Wow, congratulations Bruce. Yeah, those nasty stalkers


----------



## LmtdSlip (May 28, 2003)

Quite a nice collection building there!! :thumbup: 

I love those cars. Dont sell any of them!


----------



## MarcZHP (Feb 11, 2005)

Bruce said:


> The good (the one on the right- for sale BTW), the bad (the one in the background), and the ugly (left- new one).


Trade for an 85 Dodge Omni GLH Turbo?


----------



## BahnBaum (Feb 25, 2004)

Do you have a link for any info on the one that's for sale?

Alex


----------



## Bruce (Dec 24, 2001)

No trades...I had to call my wife before I agreed to buy it to ask her if she would divorce me (I really did)....amazing she agreed with as much as she hates BMW.

Here is a link to the info. It is set up as a track car. Could go back to a nice street car with addressing the HVAC. The head mods put the car into D Mod for CCA Club Racing :-( (change that and it might be able to go to IS or IP.

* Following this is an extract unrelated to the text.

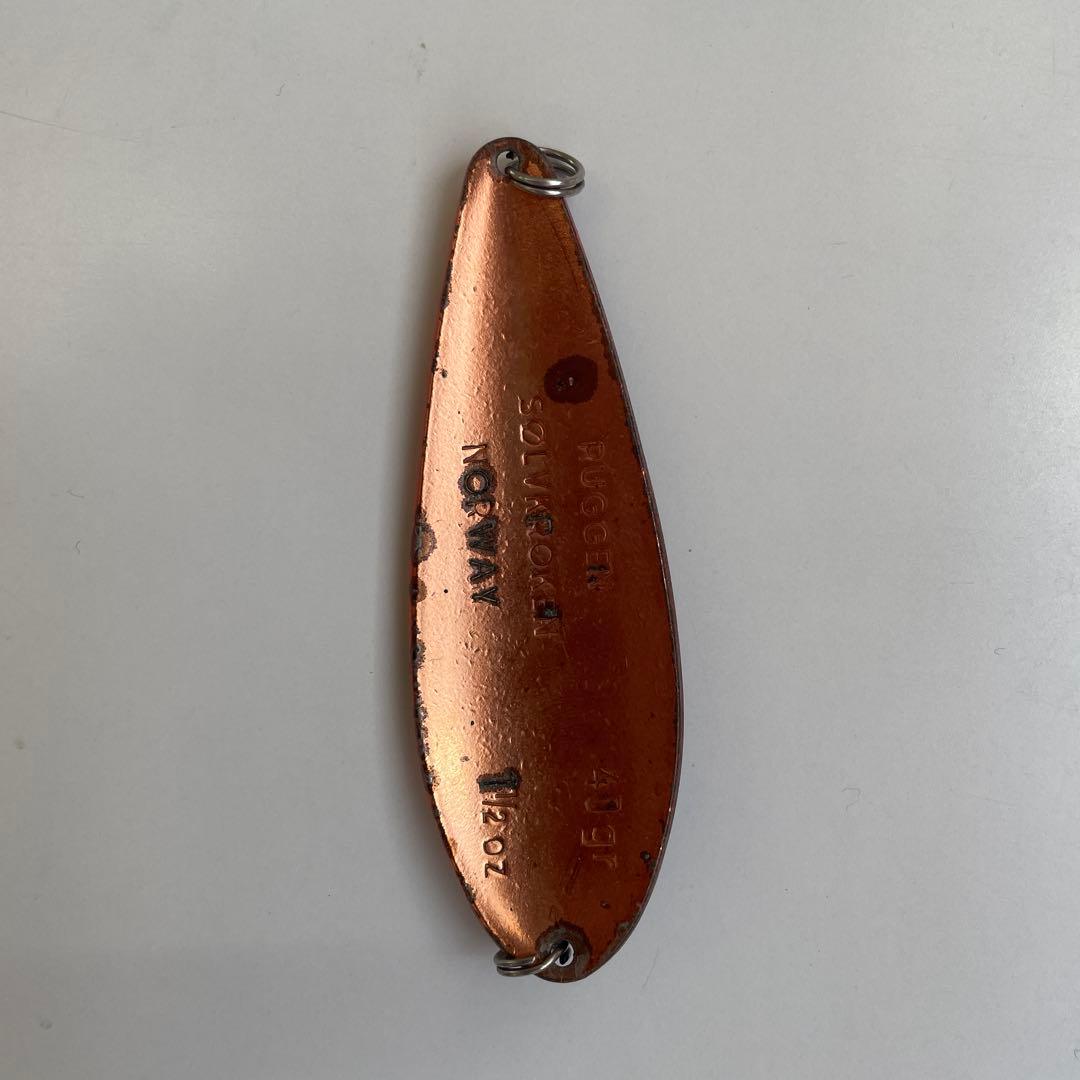 RUGGEN ルーゲン　スプーンルアー 40g シルバー・レッドフルオー他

http://heersink.org/bruce/e30m3forsale/e30m3forsale.htm

If the car doesn't sell in 2 weeks I am taking the roll bar out.


----------



## Bruce (Dec 24, 2001)

72 hours owned....1 break in....1 broken passenger window....theives 0 (I guess they were wanting the radio that wasn't there LOL).


----------



## TeamM3 (Dec 24, 2002)

yeah, seems to be a lot of that in this area 

sorry to hear that


----------